Evidentemente, na hipótese de isso ocorrer, caso haja julgamento procedente, seria o caso de se realizar uma modulação dos efeitos da decisão (o que, ao fim e ao cabo, acabaria por tornar a própria decisão inaplicável, diante da vigência temporária da lei). Repise-se que, na nossa opinião, a prova é ilícita, por ser colhida com astúcia, além de representar manifesto venire contra factum proprium. De mais a mais, é de se esperar que seguramente se o MPF, caso pretendesse acoimar de inconstitucional a lei, não aguardaria que as pessoas aderissem ao programa para, somente depois, tomar qualquer tipo de providência. 

Todavia, desde já, cabe a quem aderir ao regime de regularização algumas precauções, especialmente no sentido de consignar, expressamente, que sua declaração tem por motivo determinante a extinção da punibilidade prevista em lei, revelando sua atuação em boa-fé. Ainda que não se aceite alegações de direito adquirido à regime jurídico, a proteção da confiança, nessa situação, deverá prevalecer.

Afinal, o que não se pode aceitar é que a alegação de boa-fé do agente só valha como exclusionary rule (good-faith exception), na eventual e hipotética inconstitucional admissão de provas obtidas por meios ilícitos.

Que se diga de forma clara: aderir ao programa é, das alternativas, a menos traumática, desde que adotadas todas as cautelas, sobretudo e principalmente de aconselhamento técnico em Direito Penal. Enfim, as preocupações com o Regime Especial de Regularização Cambial e Tributária não podem se resumir ao valor do imposto a ser pago. Há uma significativa quantidade de consequências penais, nem sempre favoráveis, na sua adesão, exigindo-se uma maior reflexão e, destacadamente, um efetivo acompanhamento técnico-jurídico.


[1] Texto em Homenagem a Marcelo Nogueira Reis e Walter Manzi, exímios advogados tributaristas.

 


[i] Sobre os programas de “Offshore Voluntary Disclosure”, confira os estudos produzidos pela OCDE, publicados em 2010 e 2015.

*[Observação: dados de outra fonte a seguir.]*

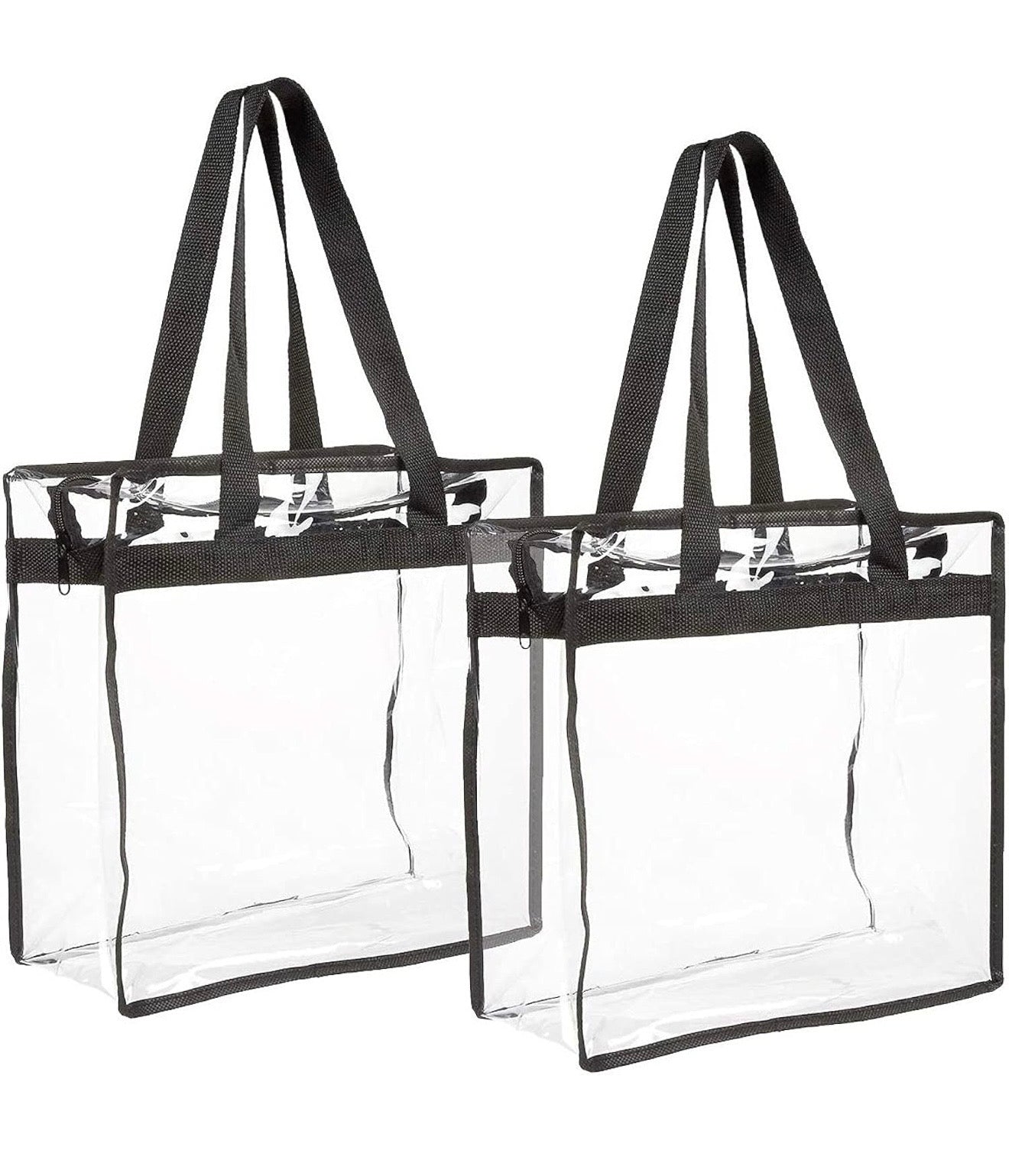 Large Clear PVC Makeup Bag with Zipper & Handles | Transparent Organizer Tote for Cosmetics, Travel & Events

[ii] A propósito, confira artigo da Conjur.

[iii] Cf. STF, HC 96.007, Relator: Min. MARCO AURÉLIO, Primeira Turma, julgado em 12/06/2012, ACÓRDÃO ELETRÔNICO DJe-027 DIVULG 07-02-2013 PUBLIC 08-02-2013.

[iv] Cf. FERNANDES, José Ricardo. A evasão de divisas como estratégia do crime organizado? Razões e consequências dessa criminalização. 2010, 215 f., Dissertação (Mestrado em Sociologia) – Instituto de Filosofia e Ciências Humanas, Universidade Federal do Rio Grande do Sul, Porto Alegre, 2010.

[v] Já nos posicionamos em sentido contrário a este concurso de crimes em casos tais, por representar bis in idem. A esse respeito, ver FÖPPEL, Gamil e LUZ, Ilana. Comentários Críticos à Lei Brasileira de Lavagem de Capitais.  Rio de Janeiro, Lumen Juris.

[vi] QUEIJO, Maria Elizabeth. O direito de não produzir prova contra si mesmo: (o princípio nemo tenetur se detegere e suas decorrências no processo penal). São Paulo: Saraiva, 2003, p. 318.